We made it an emphatic 32km before noticing we were being chased by some ominous clouds and were ushered inside by a man aggressively selling apples. His grand daughters restyled Flora’s hair, Luke was given apple peeling lessons and overnight, the pressure dropped. Having sweated out of Osh we woke up to a thick mist and the first snow of the season - we were going nowhere and weren’t arguing. 24hrs later we did leave, full winter riding spec donned and apples spilling from our pockets. After two days climbing up through the valley, practicing our inability to layer correctly, we were offered a yurt to sleep in. There was a bit of a family do on and three sheep had been slaughtered to celebrate, the entrails of which we would spend the night extremely close to. We learnt that once boiled, sheep ear can be generously sliced and forced upon new guests, and is best washed down with vodka. Up some significant switchbacks to the double headed 3615m Taldyk pass, we battled into a headwind before flying down into Sary Tash. We spent Flo’s birthday snowed into a spectacularly be-carpeted room along with another British cyclist called Dave. Together a dash to the local store was braved, for wine we could have used as toilet cleaner and a Morrison's bag full of chocolate. We inched out of town the following morning towards a wall of white and into the most camera battery draining scenery of the tour. We passed through Kyrgyz border control and entered no mans land under the escort of an enormous anti-wolf guard dog.
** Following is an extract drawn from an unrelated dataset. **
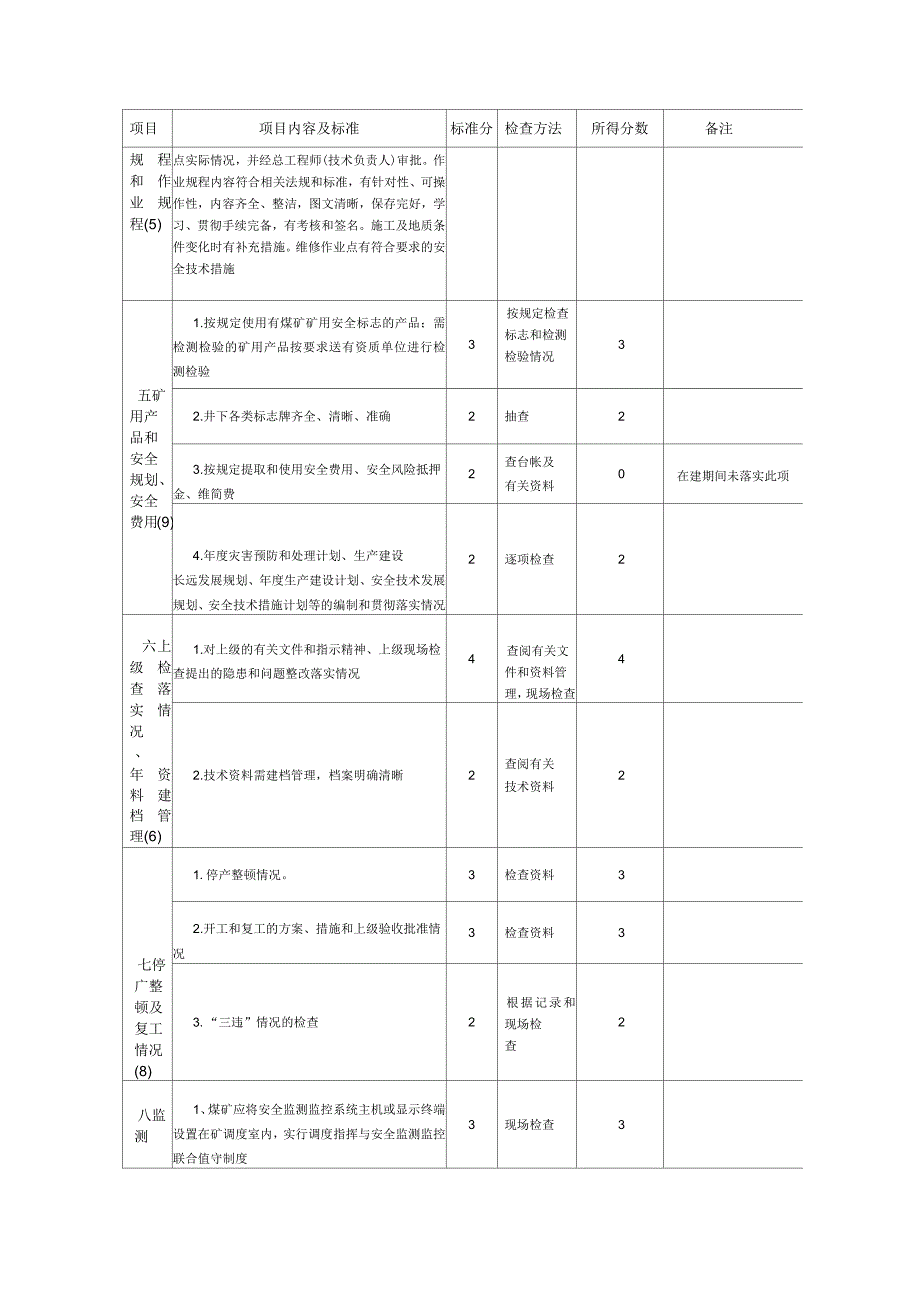 洋江煤矿5月份质量标准化评分_第2页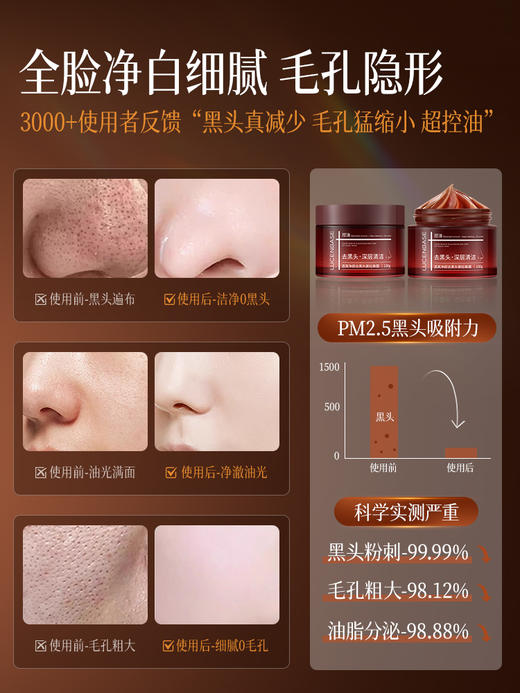 【清空黑白头 毛孔干净细腻】去黑头收缩毛孔粉刺深层清洁鼻膜鼻贴吸祛撕拉面膜神器男士女专用 商品图2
Arriving at Karakul in the dark we opted to try out a homestay. Our first full riding at high altitude and getting very well aquatinted with a Pamiri headwind meant the tri-carb dinner of bread with potato and noodle soup was just the ticket. In the flickering light of the one working bulb we double checked we still had all our toes and readied ourselves for an assault on Akbaital. At 4655m the following afternoon we were feeling smug at having made it along some of the most heinous corrugations known to man and up to the highest point of the tour with no pushing. The smugness was tempering quickly however as developing headaches and an increasingly overwhelming cold was taking over. As many cyclists have done before us, we knocked on the door of the only known (only existing), abandoned looking building a few hundred metres down the other side and, after a pause that felt much longer than it was, were ushered in. Flo curled up close to the stove and Luke read Black Beauty. Snapped a picture by the summit sign the next morning, all downhill to Penners from here, technically.